Cierto que mucho representa el fasto y la originalidad con que cada facultad proyecta su espectáculo, pero mayores grandezas son las que se cobijan detrás del telón o mucho antes de iniciarse la actuación final.
Confieso, sin el más mínimo sonrojo, que durante mis años universitarios jamás subí al escenario ni para mover un pie o decir el bocadillo más simple de la más simple obra de teatro. Sin embargo, a pesar de mis ineptitudes artísticas nunca logré escapar a esa vorágine de pensamiento y trabajo, casi impredecible, que se mueve de la beca al aula y del aula a todas partes.
Unos pegan los carteles para anunciar lo que sucederá, otros se encargan del guión, la iniciativa vespertina o la exposición del tema sobre el que girará la fiesta cultural. Otros se las darán de teloneros, luminotécnicos, musicalizadores, utileros o sencillamente artistas.
Para la puesta ahora hace falta una sábana vieja, un par de espejuelos, una hornilla eléctrica, un cono de hilo, un vestido verde, una cinta negra, unos globos azules y un cartón violeta… Y poco a poco va apareciendo todo: lo buscan por aquí, lo piden por allá, y al fin se consigue.
Es justamente ese espíritu de camaradería, o esa alianza para proteger un pedacito de creación común, lo que demuestra cuánto puede lograrse en estos predios, si todo estímulo grupal se fraguara con visión de conjunto, si concebimos el esfuerzo como el arte de todos.

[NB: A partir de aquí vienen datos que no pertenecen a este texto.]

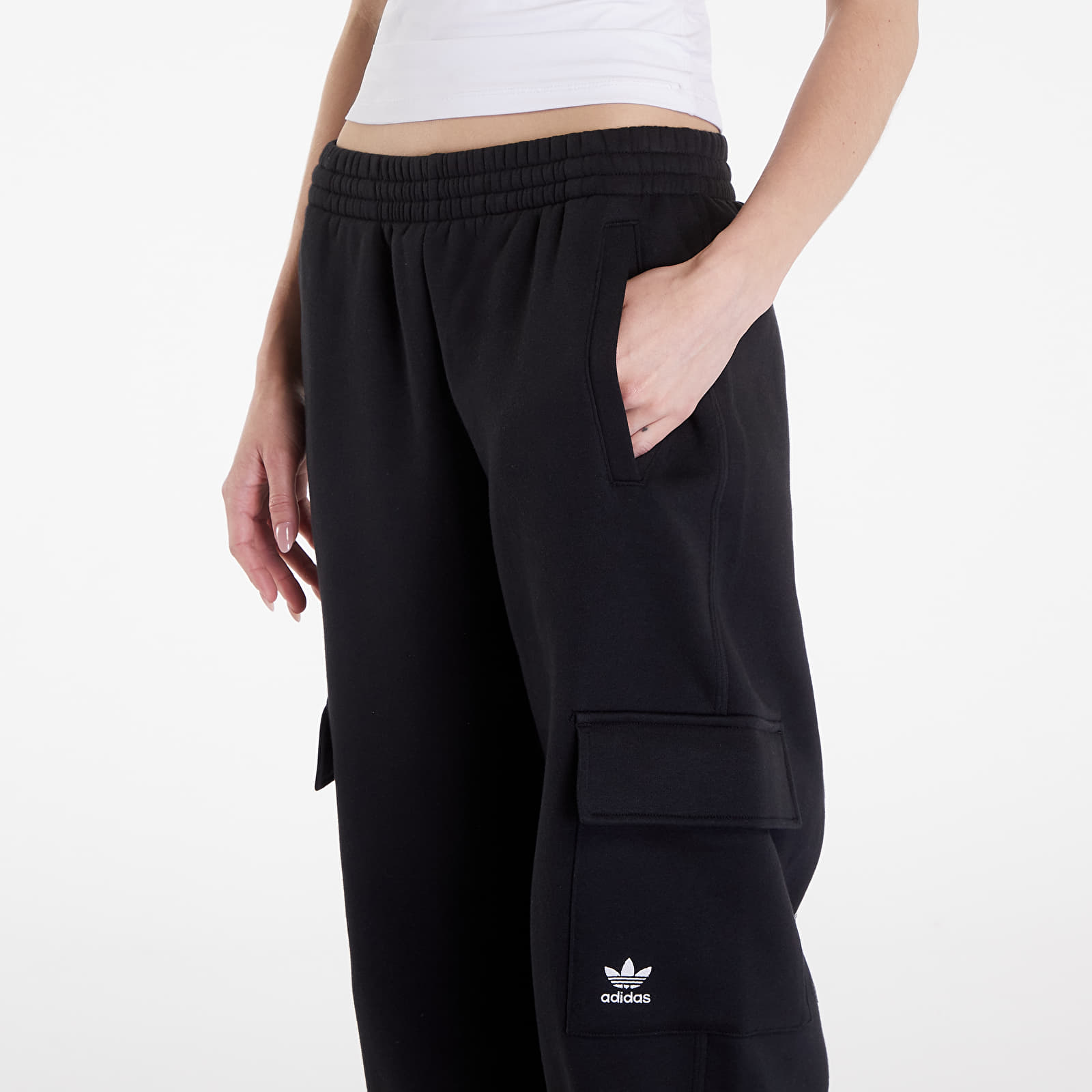 Sweatbroeken adidas Essentials Cargo Pants Black Queens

Ahora que los alumnos de la UCLV andan bajo los ecos de una etapa que todavía permite el repaso de lo que esta vez quedó bien o quedó mal, pienso en lo que también ha de orquestarse cada año por esta fecha en muchas universidades del país, al calor de un movimiento que más allá del arte siempre será proclive a engendrar emociones, ingenio e identidad.